Une exposition au château de Réchy prolonge la publication du premier numéro. À cette occasion, Grégoire Favre expose des photographies, des objets, des cartes routières et des livres, sur le même thème. Peu avant son décès, Grégoire Favre a participé activement au sommaire du second numéro consacré aux stations de montagne en réalisant également plusieurs photos.

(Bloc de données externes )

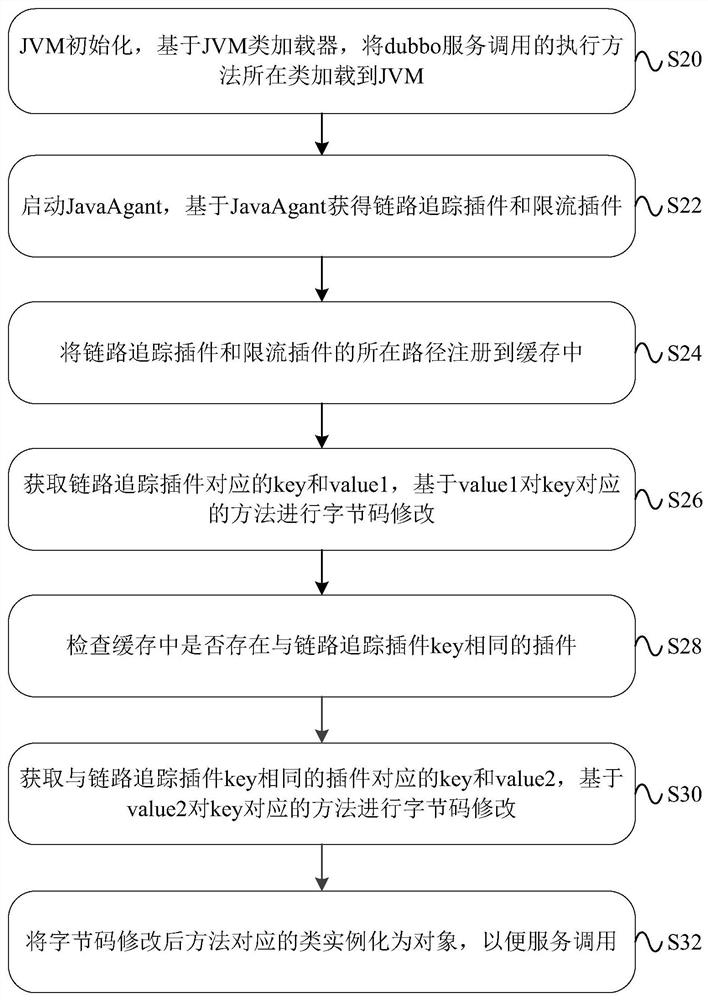 Data processing method, device, equipment and system based on byte code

Photographie de Grégoire Favre – Série Autoroute A9 – Revue L’Imprévisible. EN SAVOIR +

En janvier 2016, au Pénitencier de Sion, Grégoire Favre présente avec Simon César Forclaz, dans le cadre de l’exposition Impermanence, le Valais en mouvement, le film Portrait de Giovanni Rocchi. Celui-ci retrace le parcours d’un immigré italien, couturier de formation, qui a travaillé toute sa vie à l’usine et habite encore dans la cité ouvrière de Sous-Géronde à Sierre.

En février 2016, Grégoire Favre et Simon César Forclaz projettent à la Haute École de travail social à Sierre le film L’Aslec, qui relate les 50 ans d’histoire de l’association sierroise de loisirs et culture. Dans ce documentaire de création, ils donnent la parole aux membres fondateurs et à l’équipe actuelle, tout en accordant une place prépondérante aux jeunes qui fréquentent l’Association. Le film dresse un historique passionnant et pose une profonde réflexion sur le rôle capital joué par ce genre d’associations auprès des jeunes.

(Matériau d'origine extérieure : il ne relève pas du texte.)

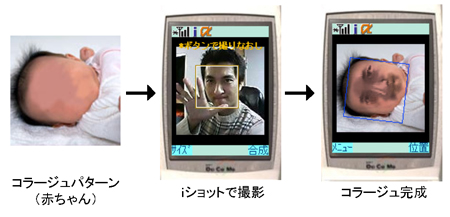 コラージュ画像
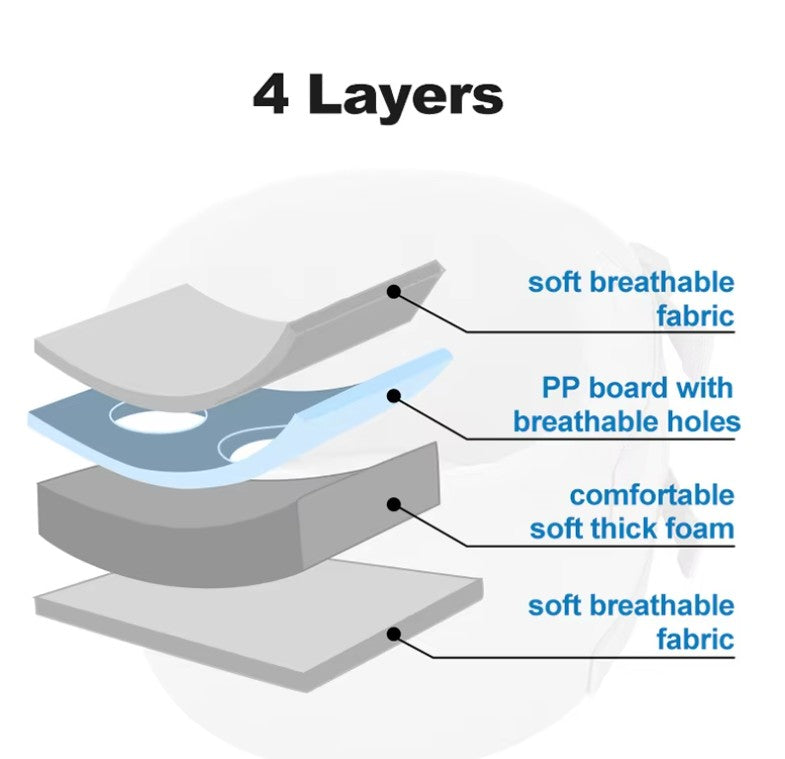 Diagram showing the layers of a product with labels for each layer.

Le 10 octobre 2016, Grégoire Favre met fin à ses jours en montagne à l’âge de 38 ans. Il laisse derrière lui une œuvre colossale dont un vaste pan demeure inédit. L’artiste a notamment réalisé dès l’exposition Ramuz EnQuête d’une identité une centaine de Black Albums, carnets noirs remplis de collages, de poèmes et de réflexions. Une œuvre qui mêle encore la Grande Histoire à celle du Valais et au parcours personnel de l’artiste. Cette œuvre est en majeure partie inédite, comme les nombreux autoportraits réalisés par l’artiste au cours de sa vie.

Carnets de l'artiste Grégoire Favre présentés dans le cadre de l'Exposition "Chroniques de Pratifori" en 2019 aux Arsenaux de Sion.
Carnets d’artistes Black Albums de Grégoire Favre, technique mixte, 2008-2016. EN SAVOIR +

Depuis le 27 mars 2019, l’ensemble de l’œuvre de Grégoire Favre est réuni aux Archives de l’État du Valais et à la Médiathèque Valais au sein d’un fonds qui a été constitué dans le but de valoriser la richesse et la diversité du travail de l’artiste.

Du 23 août au 24 octobre 2019, une exposition posthume de photographies de Grégoire Favre, dédiées au travail des ouvriers sur le chantier de transformation des arsenaux de Sion en centre culturel, a été montée par les commissaires Valérie Roten et Isabelle Bagnoud Loretan. Le livre d’artiste Chroniques de Pratifori, publié par Olga Éditions, est paru à cette occasion.

Vue de l’exposition posthume Chroniques de Pratifori – Sion, août 2019.